◆「検査済み」製品は安全か?

アマゾンジャパン広報本部は「お客様の安全を最優先に考えており、該当の商品はすでに販売を停止しております」と2月2日、電子メールで回答。購入者には「個別にご連絡をしています」「自主回収などについては、お客様に改めてご連絡させていただきます」としている。販売時期や停止時期、販売数は答えなかった。

「検査済み」で安全と主張していたJASKIVIが実際にアスベストの有無を検査していたのかも「調査中」(同省)。2月12日にも改めて確認したが、「お話できるような進展がない」(同)という。
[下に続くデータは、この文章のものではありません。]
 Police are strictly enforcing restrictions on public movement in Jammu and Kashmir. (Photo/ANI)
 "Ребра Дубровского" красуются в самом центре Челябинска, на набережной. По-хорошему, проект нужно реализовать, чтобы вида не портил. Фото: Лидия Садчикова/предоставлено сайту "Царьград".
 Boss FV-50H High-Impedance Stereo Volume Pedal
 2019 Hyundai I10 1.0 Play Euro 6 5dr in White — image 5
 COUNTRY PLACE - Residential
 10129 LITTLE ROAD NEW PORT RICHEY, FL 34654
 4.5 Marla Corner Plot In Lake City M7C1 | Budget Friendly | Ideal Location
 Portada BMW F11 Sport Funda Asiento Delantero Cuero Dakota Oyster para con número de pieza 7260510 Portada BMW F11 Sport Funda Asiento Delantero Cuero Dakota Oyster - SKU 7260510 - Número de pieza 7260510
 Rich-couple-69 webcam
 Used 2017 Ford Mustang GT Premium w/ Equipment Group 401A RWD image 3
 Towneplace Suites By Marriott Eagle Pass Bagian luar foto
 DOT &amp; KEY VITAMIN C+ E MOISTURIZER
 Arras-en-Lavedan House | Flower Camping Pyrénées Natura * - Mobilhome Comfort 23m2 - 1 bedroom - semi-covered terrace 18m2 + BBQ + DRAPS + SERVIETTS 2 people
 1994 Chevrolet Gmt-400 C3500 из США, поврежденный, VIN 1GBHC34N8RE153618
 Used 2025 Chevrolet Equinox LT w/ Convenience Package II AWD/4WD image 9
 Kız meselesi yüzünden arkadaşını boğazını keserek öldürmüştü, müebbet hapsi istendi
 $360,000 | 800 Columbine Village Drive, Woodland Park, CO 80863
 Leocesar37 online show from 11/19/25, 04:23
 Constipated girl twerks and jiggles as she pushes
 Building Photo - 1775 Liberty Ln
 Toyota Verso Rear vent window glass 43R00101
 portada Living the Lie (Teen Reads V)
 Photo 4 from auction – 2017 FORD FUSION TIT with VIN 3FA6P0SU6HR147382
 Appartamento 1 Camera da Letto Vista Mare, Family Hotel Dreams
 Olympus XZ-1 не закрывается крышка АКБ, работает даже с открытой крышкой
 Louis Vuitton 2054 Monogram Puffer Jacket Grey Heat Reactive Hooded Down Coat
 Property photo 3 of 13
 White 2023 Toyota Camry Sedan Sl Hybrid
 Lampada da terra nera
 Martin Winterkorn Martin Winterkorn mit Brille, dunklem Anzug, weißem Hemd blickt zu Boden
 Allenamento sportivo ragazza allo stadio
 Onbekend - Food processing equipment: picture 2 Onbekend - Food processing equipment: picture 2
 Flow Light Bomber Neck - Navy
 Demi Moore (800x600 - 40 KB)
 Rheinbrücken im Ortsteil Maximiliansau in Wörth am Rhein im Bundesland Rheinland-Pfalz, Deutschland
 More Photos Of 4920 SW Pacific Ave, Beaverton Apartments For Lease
アマゾン側は「販売事業者に対しすべての法律や規制、アマゾンの規約を遵守することを求めています。販売されている商品の安全性に懸念がないかを監視しています。また状況に応じて、サイトから出品を取り下げたり、販売事業者、メーカー、政府機関と連携し、さらなる情報を求めるなどの措置を講じています」などと一般論を繰り返すだけ。

かろうじて同社は利用者から連絡があったり、必要があれば「調査を実施します」と回答。分析結果の提出も「状況に応じて講じております」と明かすが、出品前に提出させているかどうかは明言せず。また今回の件の事実関係についても一切説明しなかった。

現状では厚労省調査で発覚した2者の原因究明どころか、JASKIVIの分析結果が存在していたのかすらまったくわからない。ただし回答からはおそらく出品前にあらかじめ分析結果を提出させる仕組みにはなっていないことがうかがえる。

安衛法第55条では基準を超えるアスベスト(を含む製品)の製造・輸入・譲渡・提供・使用を禁じている。アマゾンをはじめとするネット通販サイトが売買の場を提供しているだけだとしても、「譲渡・提供」の禁止規定に抵触する可能性がある。製造者や出品者だけでなく、通販サイト側もどのように法の履行のために取り組んできたかが問われうる。

アマゾン側で独自にアスベストの分析調査を実施しているのか、あるいは今後そうした再発防止を講じるのかも尋ねたが、最初の回答が繰り返されただけだった。肯定しなかったことから、そんな手間と費用を掛けるつもりはないということだろうか。